● **WORK INSTRUCTION**: Return the material exactly, first line through the line containing "Usata VW Golf", and nothing more. Pictures stay out.

........

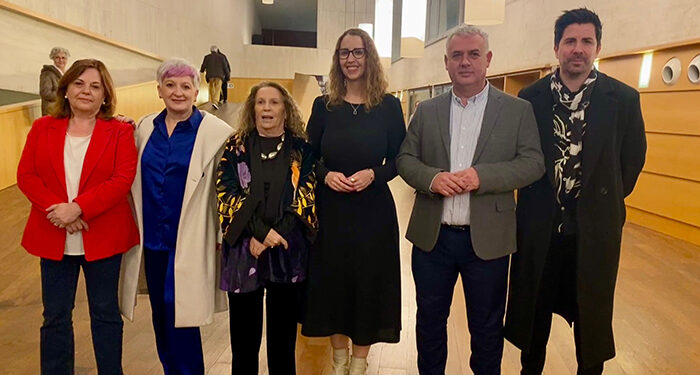 La Junta pone en valor las políticas de envejecimiento activo en la gala anual de la Federación Alcarreña de Jubilados y Pensionistas 1 La Junta pone en valor las políticas de envejecimiento activo en la gala anual de la Federación Alcarreña de Jubilados y Pensionistas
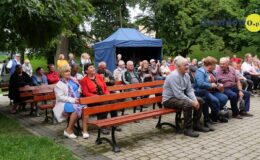Tak bawiliśmy się podczas Jarmarku i Zlotu Pojazdów Zabytkowych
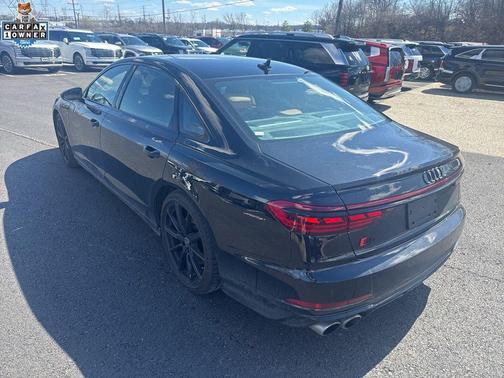 2024 Audi S8 4.0T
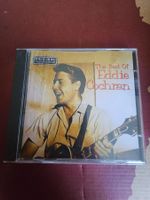 CD - Eddie Cochran – The Best Of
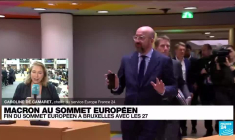Retraites : une France sous tension ? "Nous ne céderons rien à la violence" a déclaré Emmanuel Macron
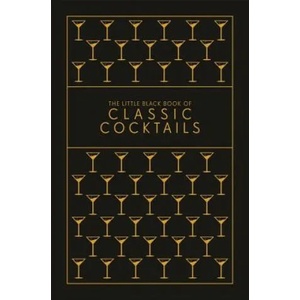 Little Black Book of Classic Cocktails | Pyramid (ISBN: 9780753733325)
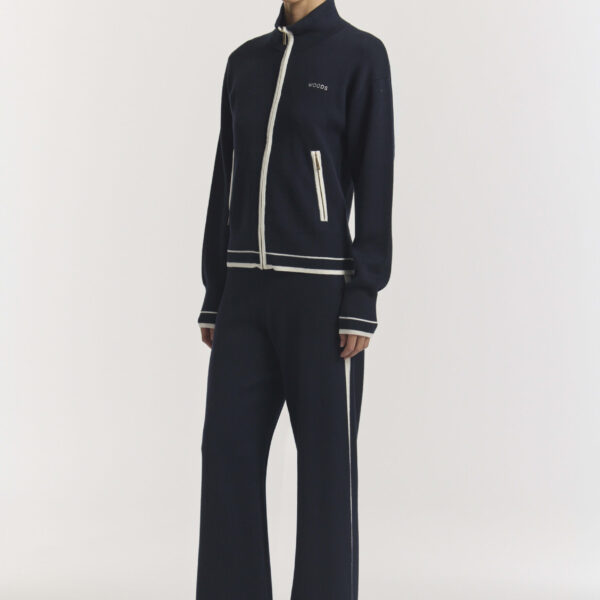 Viktoria & Woods Tennyson Jacket - Jackets - Minimalist Australian Fashion at Coveti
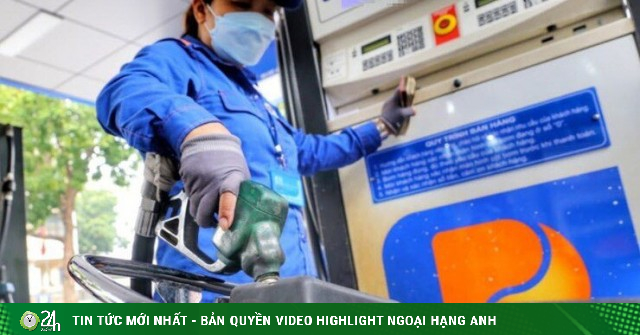 Giá xăng dầu hôm nay 25/4 mới nhất: Dầu thế giới biến động lạ, trong nước duy trì ở mức thấp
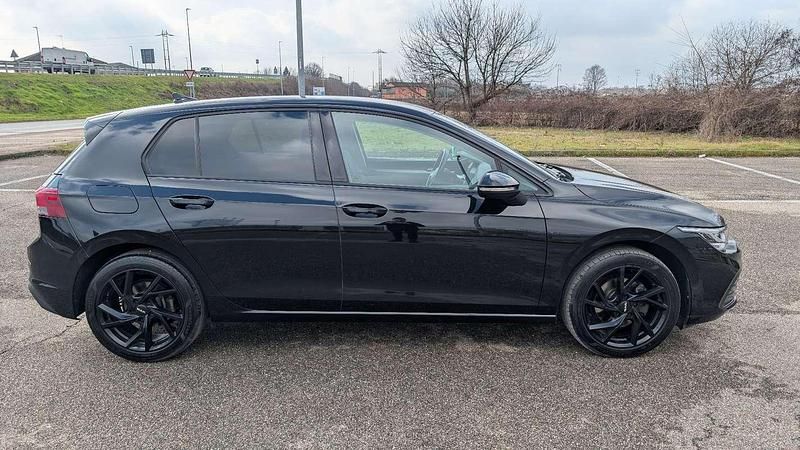 Usata VW Golf VII Life 150 CV (110 kW) 2020 Berlina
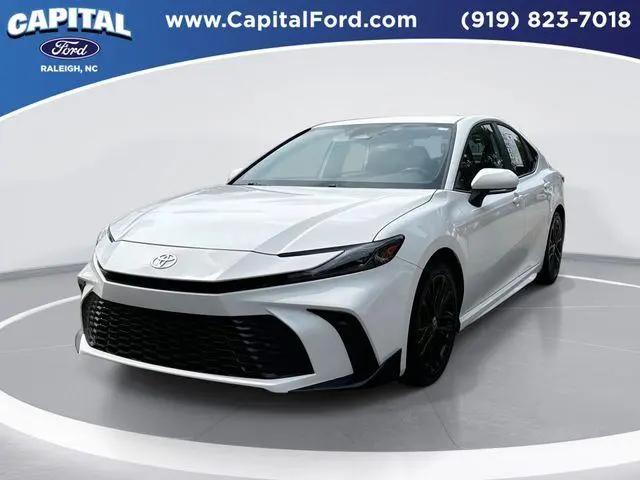2025 Toyota Camry SE for sale in Raleigh, NC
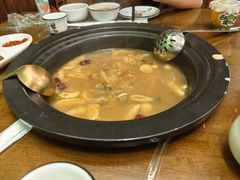 -菌乡缘·野生菌蒸汽鱼火锅(江边夜市店)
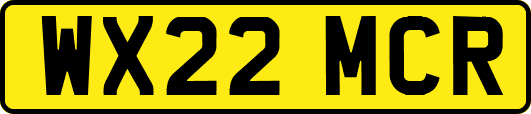 WX22MCR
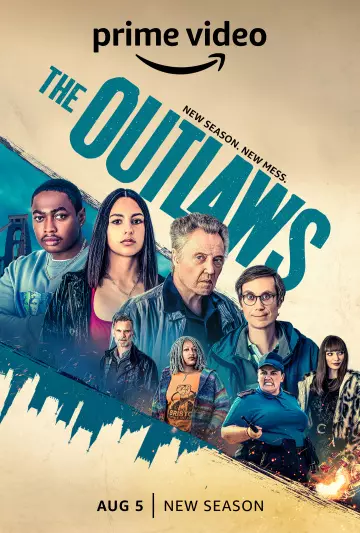 The Outlaws - Saison 2 - VOSTFR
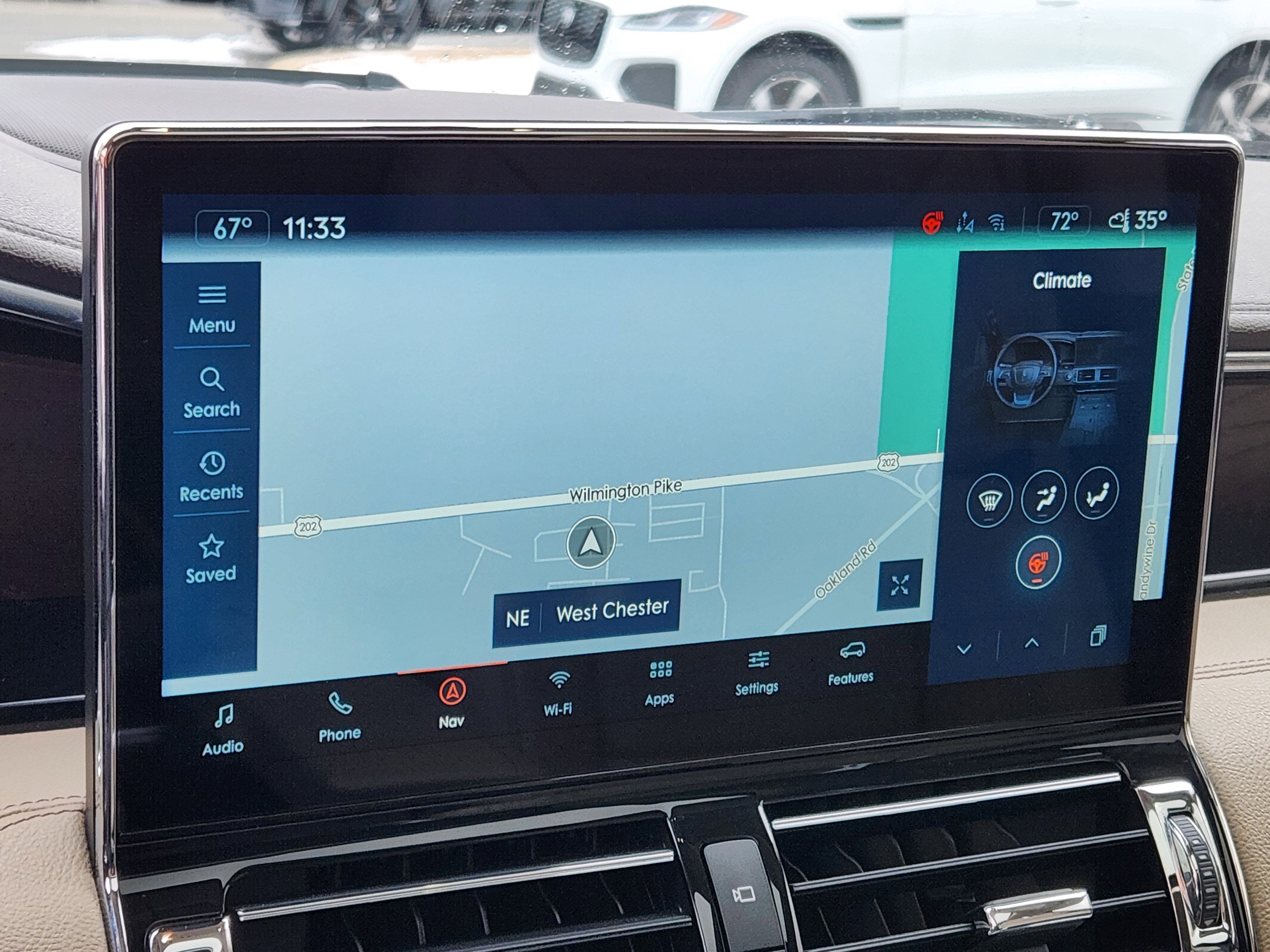 2022 Lincoln Navigator L L Reserve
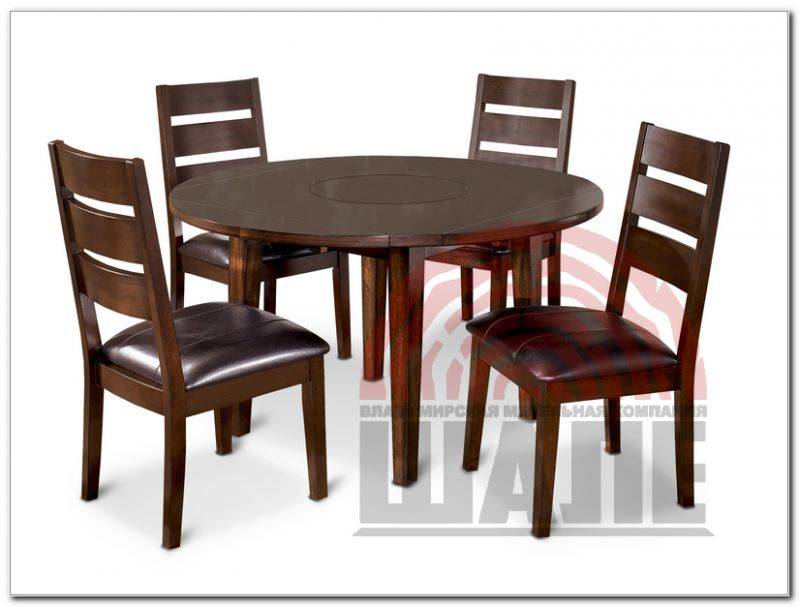 обеденная группа стол и стул харви в Нижневартовске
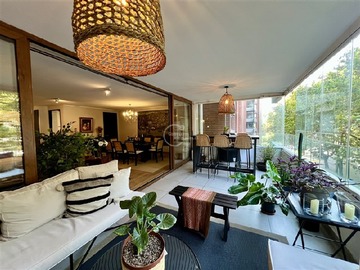 Venta / Departamento / Vitacura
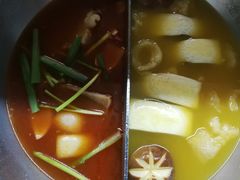 -湊湊火锅·茶憩(新中关购物中心店)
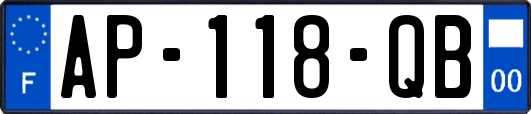 AP-118-QB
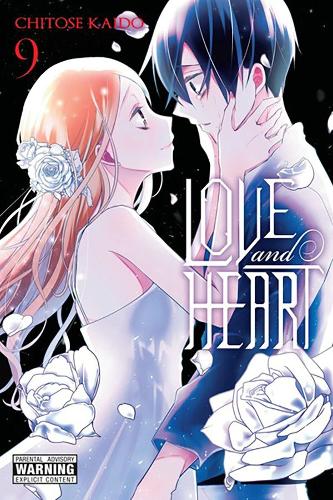 Бумажная книга «Love and Heart, Vol. 9», автор Читосе Кайдо - фото №1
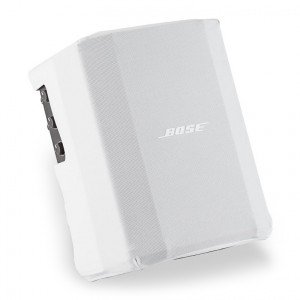 Bose S1 Pro Play-Through Cover - Arctic White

........

● **COMPLETED EXERCISE**:
 La Junta pone en valor las políticas de envejecimiento activo en la gala anual de la Federación Alcarreña de Jubilados y Pensionistas 1 La Junta pone en valor las políticas de envejecimiento activo en la gala anual de la Federación Alcarreña de Jubilados y Pensionistas
Tak bawiliśmy się podczas Jarmarku i Zlotu Pojazdów Zabytkowych
 2024 Audi S8 4.0T
 CD - Eddie Cochran – The Best Of
Retraites : une France sous tension ? "Nous ne céderons rien à la violence" a déclaré Emmanuel Macron
 Little Black Book of Classic Cocktails | Pyramid (ISBN: 9780753733325)
 Viktoria & Woods Tennyson Jacket - Jackets - Minimalist Australian Fashion at Coveti
 Giá xăng dầu hôm nay 25/4 mới nhất: Dầu thế giới biến động lạ, trong nước duy trì ở mức thấp
 Usata VW Golf VII Life 150 CV (110 kW) 2020 Berlina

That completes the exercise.